Os filmes de Baker geralmente desafiam as noções padrão de quais histórias merecem ser contadas — e Anora não é diferente. Essa não é a típica história da Cinderela. Anora não é uma vítima ingênua; seu relacionamento com Ivan não tem a ver com amor, mas com a possibilidade de uma vida melhor. E Ivan? Ele é apenas um garoto mimado que deseja escapar do controle da família e usa Anora para obter o Green Card.

Anora

Mas onde a fantasia se desmorona, ainda há algo em jogo — uma forma silenciosa e não reconhecida de proteção. É aí que Igor (interpretado por um ator incrivelmente subestimado, Yura Borisov) entra em cena. Igor é um dos capangas enviados para botar juízo na cabeça de Anora, mas o que se desenvolve entre eles é uma forma sutil de empatia e reconciliação. Aos poucos, Igor se torna um aliado improvável, chegando até a tentar beijar Anora nos momentos finais do filme, embora ela o rejeite. No entanto, o beijo não é o ponto principal. É a compreensão e a conexão entre eles — duas pessoas com o mesmo histórico de luta, ambas cientes das dificuldades para sobreviver.
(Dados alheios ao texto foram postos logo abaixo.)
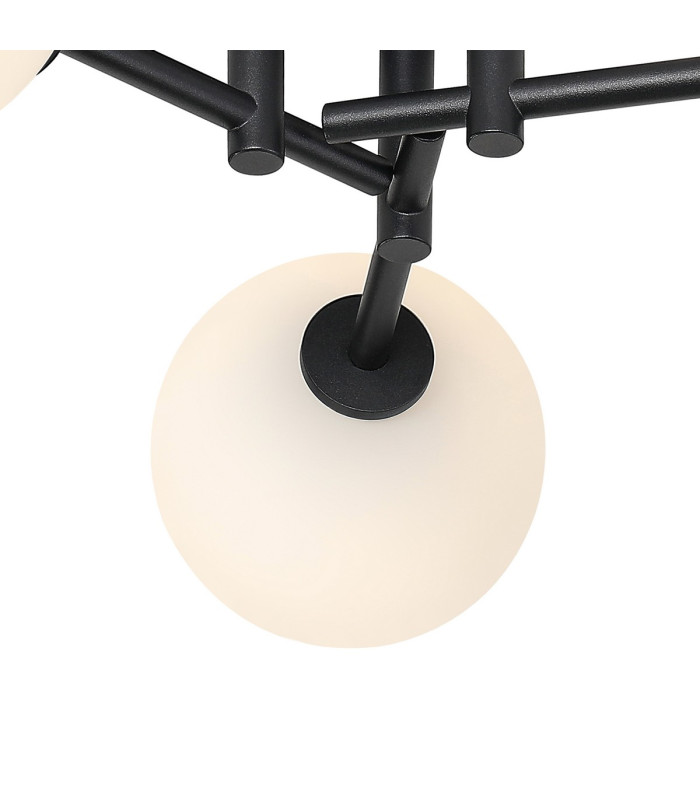 Tivoli 44.5cm Semi Flush Ceiling Round 3 Light G9 IP44 Satin Black/Opal Smooth Round Glass-8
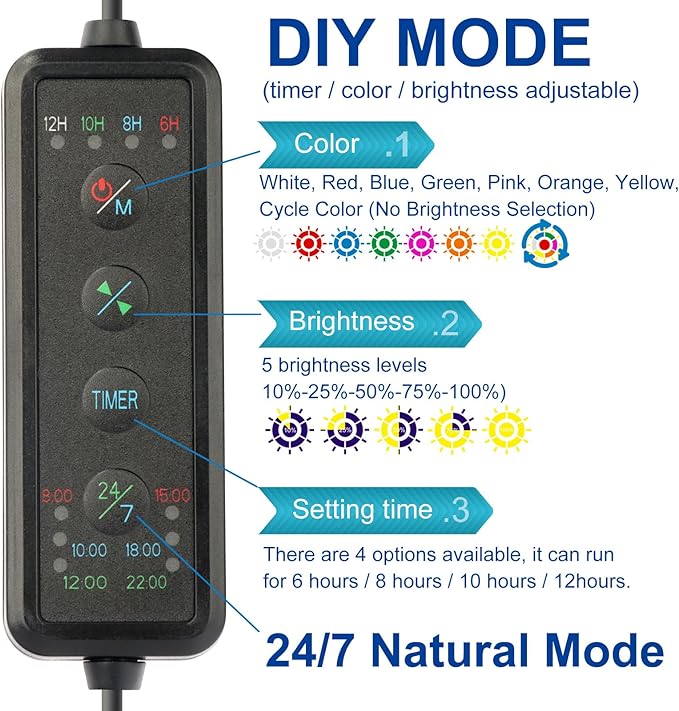 OYO WATER Aquarium LED Light 36"-38-44" with Timer, 24/7 Cycle, 5 Dimmable Brightness, Sunrise/Sunset Simulation for 10/20/30/55 Gallon Fish Tank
Esse final é o que faz Anora deixar de ser uma simples desconstrução de um conto de fadas para se tornar algo mais profundo. Se o filme inteiro é sobre a destruição de um sonho, o fim deixa uma sensação persistente de esperança, mesmo que incerta. É um ideal romântico que ainda paira no ar, mas de uma maneira que não parece ingênua. Parece real. Em um determinado momento, tive a impressão de que o filme estava dizendo: “Sim, o amor e os contos de fadas podem ser destruídos, mas isso não significa que precisamos deixar de acreditar em algo melhor”. A ambiguidade do final é o que o torna tão marcante. É meio amargo, quase trágico, mas passa a sensação de algo implícito.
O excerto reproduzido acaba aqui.